_Assignment_
Only one span of the listing below should come back. It runs from the line with "Ahgly Company Indoor" through the line with "Apollo Satin Pyjama", and each of its lines must be reproduced exactly.

_Data_
================

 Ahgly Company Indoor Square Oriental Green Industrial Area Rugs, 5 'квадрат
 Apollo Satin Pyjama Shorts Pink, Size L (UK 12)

================

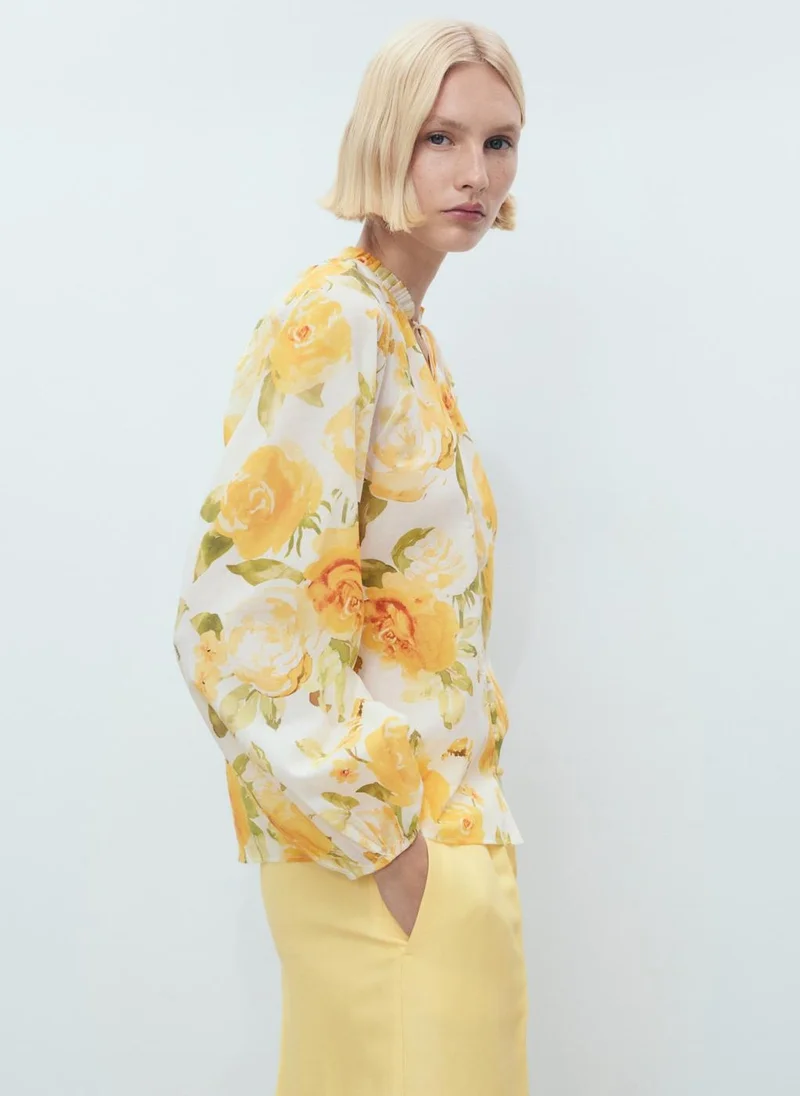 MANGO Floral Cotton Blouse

================

_Response box_
 Ahgly Company Indoor Square Oriental Green Industrial Area Rugs, 5 'квадрат
 Apollo Satin Pyjama Shorts Pink, Size L (UK 12)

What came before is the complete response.